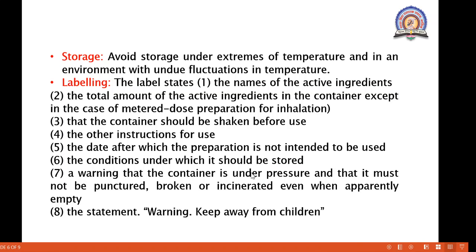A warning must be given on the label that the container is under pressure and must not be punctured, broken, or incinerated even when apparently empty. The aerosols are released by applying pressure, so the container must not be punctured or broken. The label must also state 'keep away from children.'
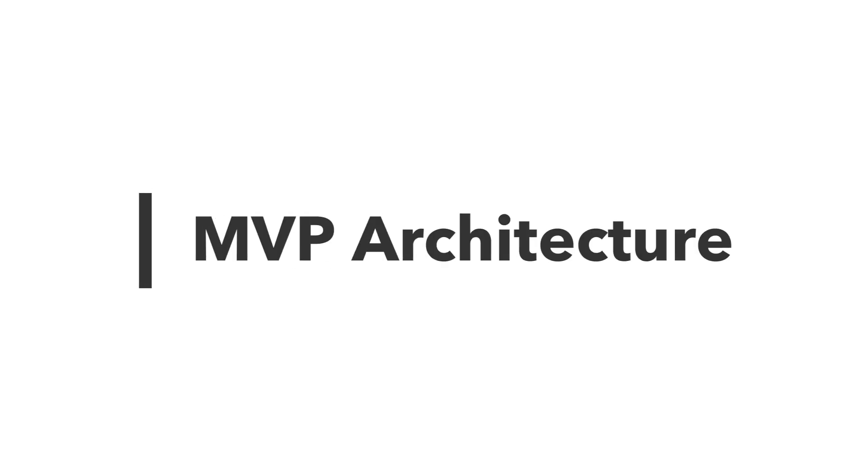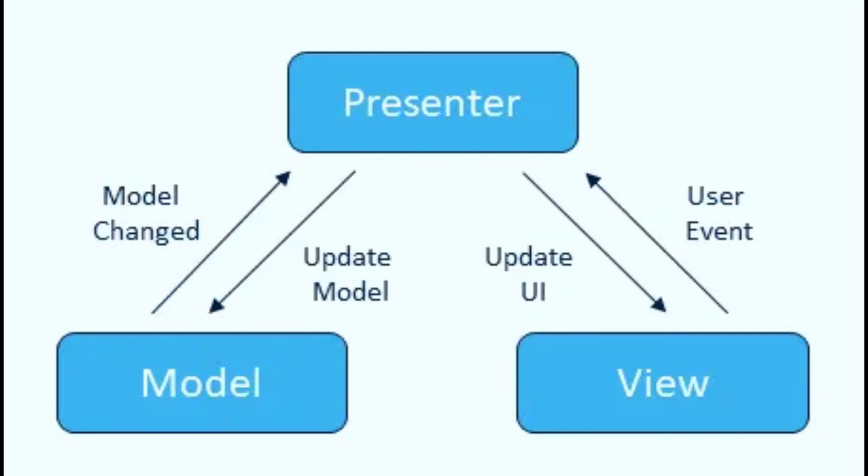Hello and welcome to this video on MVP Architecture. MVP, or Model View Presenter, is a software design pattern that separates the presentation layer of an application from its business logic. It is often used in the development of mobile and web applications.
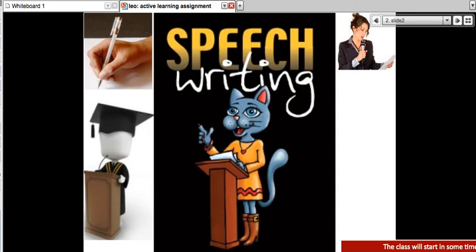Hello and welcome to Speech Writing. This is part of Learning English Online, which is LEO, and we're going to get started in this live online class taking place on WizzIQ.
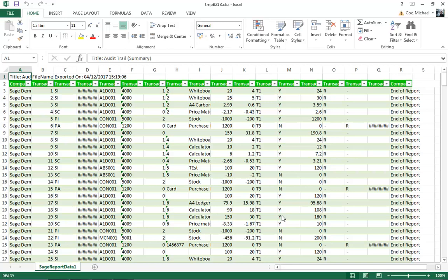So from here, we can easily manipulate the data. We've got shaded headings in there. We've got shading on the transaction list. We've got auto filters as well. This means we can easily analyze the data that's being transferred across.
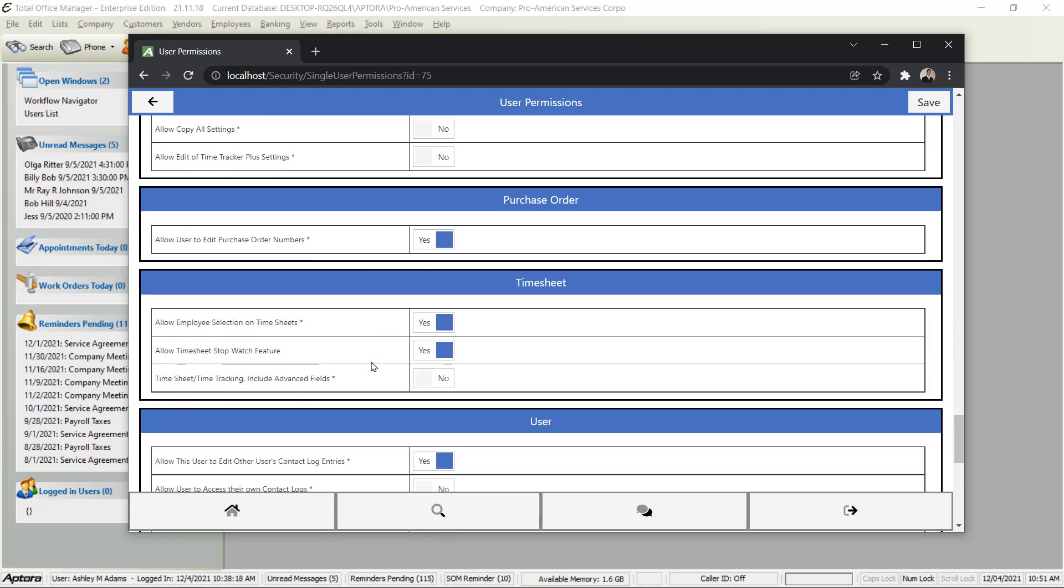I will point out a few that I think are important. Down at the bottom or towards the bottom we have timesheet permissions and settings. Allow Employee Selection on the Timesheet - this would allow this person the ability to enter timesheets for other employees, otherwise they would only be able to enter their own timesheet.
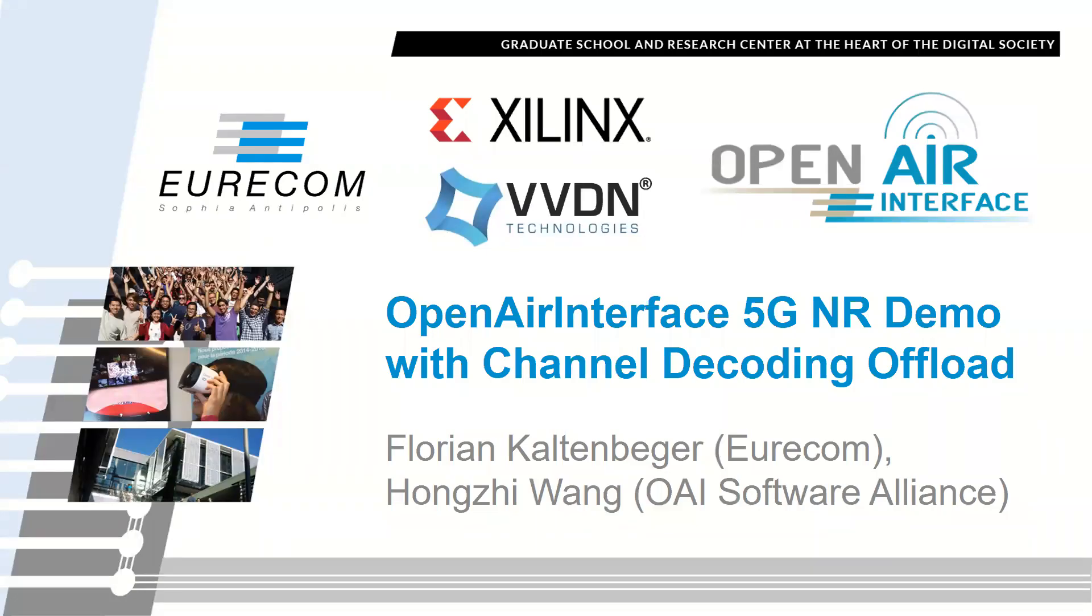Hello, my name is Florian Kaltenbeger. I'm from Eurocom, and today I want to show you an Open Air Interface 5G NR demo with Channel Decoding Offload.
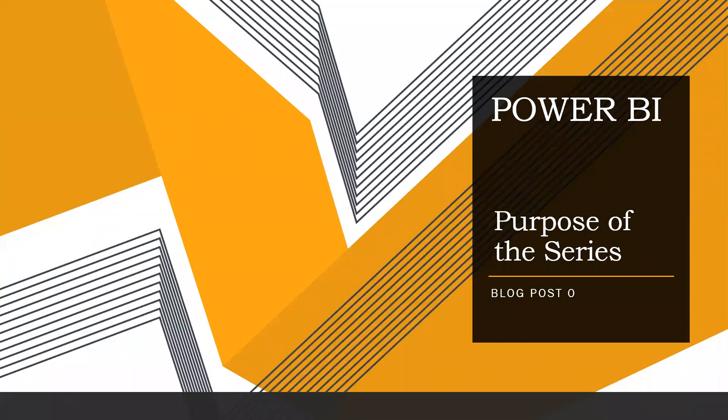Hi guys and assalamu alaikum. Welcome to my new blog series on Power BI. In this blog post, I'm going to discuss the purpose of this series—why I'm starting it and what you will learn from it.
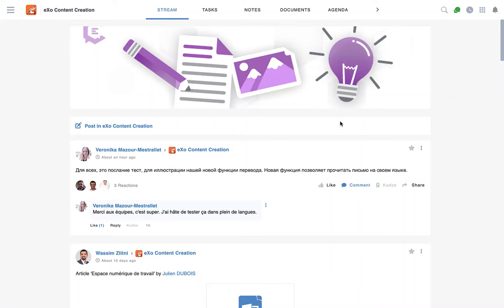Hi everyone, this is Veronica. Today I want to show you our new automated translation feature that is available today.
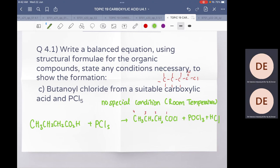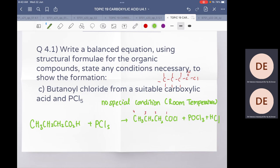For butanoyl chloride using PCl₅ — start with butanoic acid (CH₃CH₂CH₂COOH) + PCl₅ → CH₃CH₂CH₂COCl + POCl₃ + HCl. No special condition needed — occurs at room temperature. That is all for today; tomorrow we will look at the reactions of acyl chlorides.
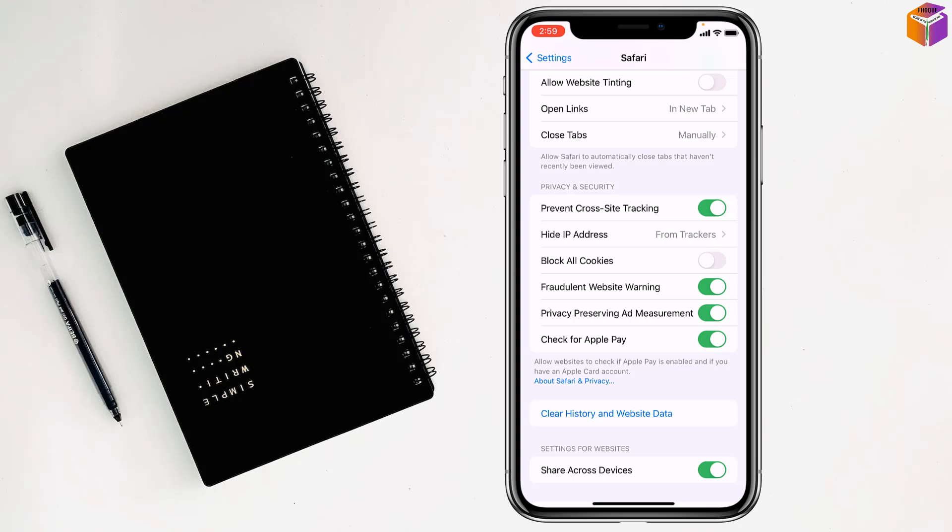So friends, like this, if you want, you can enable cookies on iPhone or iPad. If you face any problem, feel free to ask me in the comment box. I will try to give an answer as soon as possible.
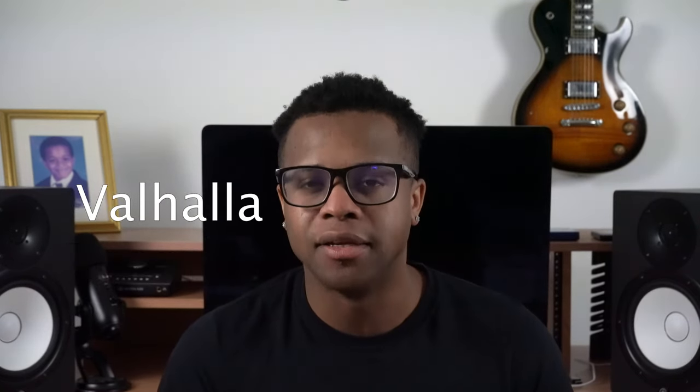The 18th best free reverb VST is Valhalla Room by Valhalla.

★ ★ ★

* [Task to complete] Return the entries above exactly, skipping any images.

* [Worked solution]
A warning must be given on the label that the container is under pressure and must not be punctured, broken, or incinerated even when apparently empty. The aerosols are released by applying pressure, so the container must not be punctured or broken. The label must also state 'keep away from children.'
Hello and welcome to this video on MVP Architecture. MVP, or Model View Presenter, is a software design pattern that separates the presentation layer of an application from its business logic. It is often used in the development of mobile and web applications.
Hello and welcome to Speech Writing. This is part of Learning English Online, which is LEO, and we're going to get started in this live online class taking place on WizzIQ.
So from here, we can easily manipulate the data. We've got shaded headings in there. We've got shading on the transaction list. We've got auto filters as well. This means we can easily analyze the data that's being transferred across.
I will point out a few that I think are important. Down at the bottom or towards the bottom we have timesheet permissions and settings. Allow Employee Selection on the Timesheet - this would allow this person the ability to enter timesheets for other employees, otherwise they would only be able to enter their own timesheet.
Hello, my name is Florian Kaltenbeger. I'm from Eurocom, and today I want to show you an Open Air Interface 5G NR demo with Channel Decoding Offload.
Hi guys and assalamu alaikum. Welcome to my new blog series on Power BI. In this blog post, I'm going to discuss the purpose of this series—why I'm starting it and what you will learn from it.
Hi everyone, this is Veronica. Today I want to show you our new automated translation feature that is available today.
For butanoyl chloride using PCl₅ — start with butanoic acid (CH₃CH₂CH₂COOH) + PCl₅ → CH₃CH₂CH₂COCl + POCl₃ + HCl. No special condition needed — occurs at room temperature. That is all for today; tomorrow we will look at the reactions of acyl chlorides.
So friends, like this, if you want, you can enable cookies on iPhone or iPad. If you face any problem, feel free to ask me in the comment box. I will try to give an answer as soon as possible.
The 18th best free reverb VST is Valhalla Room by Valhalla.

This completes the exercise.